Tbilisi, 1 November 2001 (RFE/RL) -- Georgian President Eduard Shevardnadze dismissed the entire government today amid a scandal over a failed police raid on the Rustavi-2 independent television station. Shevardnadze said he dissolved the government in the interests of Georgia's "fate, of democracy and maintaining the belief that freedom of speech, civil freedom, and freedom of expression are not endangered."

"The situation was very tough indeed. And I had to take a decision, involving my colleagues, my friends, my fellow politicians; the decision, be honest, reflected neither my will nor my mood. I had to take this step for the sake of Georgia and its stability," Shevardnadze said.

Presidential spokesman Kakha Imnadze said that until a new government is in place, ministerial functions will be carried out by first deputy ministers. Imnadze confirmed an earlier announcement of the move by parliamentary speaker Zurab Zhvania, the second-ranked politician in the state.

Zhvania, a Shevardnadze opponent, has also stepped down. But Zhvania, amid continuing demonstrations in which some are demanding the resignation of Shevardnadze, told lawmakers it is important to "ease tension in the city and prompt the demonstrators to disperse." Zhvania insists that a power struggle is not underway and says Shevardnadze should not resign.

Thousands of demonstrators have refused calls to disperse.

Two days ago security agents tried but failed to enter the offices of the Rustavi-2 station, under the pretext of investigating its finances. The station has been critical of government policies, and the raid was seen as an attempt to muzzle the media.

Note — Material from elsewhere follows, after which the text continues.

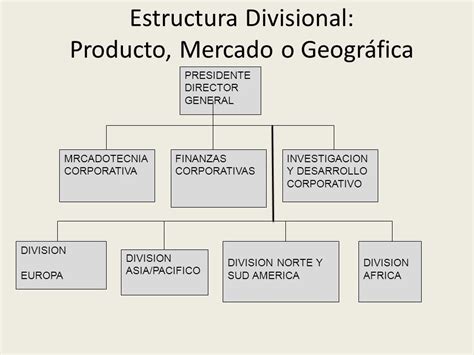 Recursos Objetivos Humanos Materiales Financieros Informaci N Espacio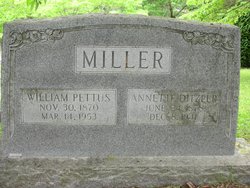 William Pettus Miller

Several thousand people gathered in Tbilisi yesterday to support Rustavi and media freedom in Georgia. They first demanded the resignations of Interior Minister Kakha Targamadze and Prosecutor-General Giya Maparishvili.

In the wake of those protests, Shevardnadze accepted the resignation of Security Minister Vakhtang Kutateladze, but said that the raid was not linked to any state interference in independent media.